ASSIGNED TASK
Records follow. Select each line holding "Lightweight".
* * * *
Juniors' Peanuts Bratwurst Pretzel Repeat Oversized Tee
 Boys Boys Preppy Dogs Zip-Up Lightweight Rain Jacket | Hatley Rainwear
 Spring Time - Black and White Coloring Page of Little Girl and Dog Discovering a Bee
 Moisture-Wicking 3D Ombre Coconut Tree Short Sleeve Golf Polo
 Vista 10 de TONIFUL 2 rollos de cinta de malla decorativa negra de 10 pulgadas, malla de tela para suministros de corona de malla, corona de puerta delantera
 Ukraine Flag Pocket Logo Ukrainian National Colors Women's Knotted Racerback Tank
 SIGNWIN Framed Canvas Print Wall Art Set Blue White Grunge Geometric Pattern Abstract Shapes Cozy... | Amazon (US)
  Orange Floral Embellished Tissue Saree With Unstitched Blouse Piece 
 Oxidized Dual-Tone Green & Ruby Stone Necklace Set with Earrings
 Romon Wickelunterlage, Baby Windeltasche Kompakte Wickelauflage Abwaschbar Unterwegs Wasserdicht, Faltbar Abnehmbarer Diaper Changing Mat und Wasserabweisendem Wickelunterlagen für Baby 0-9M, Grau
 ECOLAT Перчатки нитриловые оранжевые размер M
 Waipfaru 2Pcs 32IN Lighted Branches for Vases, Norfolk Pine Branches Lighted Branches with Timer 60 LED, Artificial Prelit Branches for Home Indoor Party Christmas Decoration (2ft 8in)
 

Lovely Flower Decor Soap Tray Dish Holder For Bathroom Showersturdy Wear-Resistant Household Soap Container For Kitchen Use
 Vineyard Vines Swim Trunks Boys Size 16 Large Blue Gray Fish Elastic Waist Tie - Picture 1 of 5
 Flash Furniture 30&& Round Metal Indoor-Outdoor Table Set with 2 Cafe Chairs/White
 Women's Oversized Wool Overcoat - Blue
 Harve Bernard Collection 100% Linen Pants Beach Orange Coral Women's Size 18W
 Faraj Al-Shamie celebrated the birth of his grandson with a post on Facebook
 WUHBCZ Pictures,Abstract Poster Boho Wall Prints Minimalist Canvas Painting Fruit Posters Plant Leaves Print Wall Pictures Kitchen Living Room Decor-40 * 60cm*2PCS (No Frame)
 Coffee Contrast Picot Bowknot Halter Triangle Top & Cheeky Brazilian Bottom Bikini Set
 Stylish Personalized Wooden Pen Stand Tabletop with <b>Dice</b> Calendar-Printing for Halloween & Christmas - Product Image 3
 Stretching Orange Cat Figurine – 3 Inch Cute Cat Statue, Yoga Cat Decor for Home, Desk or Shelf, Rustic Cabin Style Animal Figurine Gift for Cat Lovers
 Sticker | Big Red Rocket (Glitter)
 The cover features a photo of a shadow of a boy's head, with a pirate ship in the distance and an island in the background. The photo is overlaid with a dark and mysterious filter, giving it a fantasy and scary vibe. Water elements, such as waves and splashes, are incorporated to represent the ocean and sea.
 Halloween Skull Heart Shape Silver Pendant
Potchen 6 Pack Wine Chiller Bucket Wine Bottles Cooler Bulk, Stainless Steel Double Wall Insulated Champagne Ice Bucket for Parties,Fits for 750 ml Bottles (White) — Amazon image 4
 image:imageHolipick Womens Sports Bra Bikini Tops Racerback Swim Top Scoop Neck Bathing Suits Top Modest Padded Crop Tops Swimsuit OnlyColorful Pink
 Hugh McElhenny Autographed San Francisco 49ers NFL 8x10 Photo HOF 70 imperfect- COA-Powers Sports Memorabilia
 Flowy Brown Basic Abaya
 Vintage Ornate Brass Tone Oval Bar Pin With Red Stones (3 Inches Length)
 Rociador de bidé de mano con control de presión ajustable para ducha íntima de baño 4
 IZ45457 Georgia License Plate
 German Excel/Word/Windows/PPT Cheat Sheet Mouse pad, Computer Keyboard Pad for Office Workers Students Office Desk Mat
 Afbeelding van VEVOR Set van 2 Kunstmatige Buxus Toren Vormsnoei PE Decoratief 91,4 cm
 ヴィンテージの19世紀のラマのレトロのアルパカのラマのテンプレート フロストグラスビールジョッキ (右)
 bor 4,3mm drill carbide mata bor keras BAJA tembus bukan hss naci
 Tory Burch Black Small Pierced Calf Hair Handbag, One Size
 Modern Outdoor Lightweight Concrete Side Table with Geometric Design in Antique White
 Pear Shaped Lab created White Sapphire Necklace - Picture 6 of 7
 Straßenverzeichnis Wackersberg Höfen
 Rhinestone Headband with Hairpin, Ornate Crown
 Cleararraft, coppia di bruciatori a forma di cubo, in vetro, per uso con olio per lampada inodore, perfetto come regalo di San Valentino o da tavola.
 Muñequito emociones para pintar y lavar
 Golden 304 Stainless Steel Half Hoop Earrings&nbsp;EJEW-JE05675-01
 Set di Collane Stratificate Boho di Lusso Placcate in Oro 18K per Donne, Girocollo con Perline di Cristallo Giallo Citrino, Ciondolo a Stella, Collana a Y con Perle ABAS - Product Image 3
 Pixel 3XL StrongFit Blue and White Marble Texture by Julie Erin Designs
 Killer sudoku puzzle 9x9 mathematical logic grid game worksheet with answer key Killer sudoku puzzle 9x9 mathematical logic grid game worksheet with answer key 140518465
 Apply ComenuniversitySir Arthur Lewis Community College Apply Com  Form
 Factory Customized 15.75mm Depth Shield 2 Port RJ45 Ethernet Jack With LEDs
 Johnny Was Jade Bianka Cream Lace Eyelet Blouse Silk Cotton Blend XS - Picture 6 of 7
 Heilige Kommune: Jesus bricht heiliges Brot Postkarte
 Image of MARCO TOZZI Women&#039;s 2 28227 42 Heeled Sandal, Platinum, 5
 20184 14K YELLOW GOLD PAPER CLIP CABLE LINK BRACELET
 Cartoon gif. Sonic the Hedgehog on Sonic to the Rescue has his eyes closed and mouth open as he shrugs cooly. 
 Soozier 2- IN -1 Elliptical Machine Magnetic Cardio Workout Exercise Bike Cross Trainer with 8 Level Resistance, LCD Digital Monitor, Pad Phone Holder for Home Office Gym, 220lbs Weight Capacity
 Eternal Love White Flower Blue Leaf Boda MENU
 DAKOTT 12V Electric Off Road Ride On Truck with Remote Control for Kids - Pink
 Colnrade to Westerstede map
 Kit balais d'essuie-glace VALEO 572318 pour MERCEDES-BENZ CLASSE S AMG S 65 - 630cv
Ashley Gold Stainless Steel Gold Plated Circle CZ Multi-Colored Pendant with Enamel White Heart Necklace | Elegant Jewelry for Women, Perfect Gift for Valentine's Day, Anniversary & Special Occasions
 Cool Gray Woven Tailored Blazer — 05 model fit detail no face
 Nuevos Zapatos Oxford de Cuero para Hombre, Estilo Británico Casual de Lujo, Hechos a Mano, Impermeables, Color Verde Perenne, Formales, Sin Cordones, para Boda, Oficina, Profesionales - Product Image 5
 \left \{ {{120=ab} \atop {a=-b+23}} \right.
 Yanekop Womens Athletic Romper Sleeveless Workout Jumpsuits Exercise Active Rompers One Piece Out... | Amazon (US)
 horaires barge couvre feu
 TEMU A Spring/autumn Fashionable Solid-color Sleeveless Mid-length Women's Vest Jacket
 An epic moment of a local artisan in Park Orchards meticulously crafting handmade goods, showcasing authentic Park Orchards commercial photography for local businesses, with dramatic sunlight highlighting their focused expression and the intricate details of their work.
* * * *
ANSWER SPACE
 Boys Boys Preppy Dogs Zip-Up Lightweight Rain Jacket | Hatley Rainwear
 Modern Outdoor Lightweight Concrete Side Table with Geometric Design in Antique White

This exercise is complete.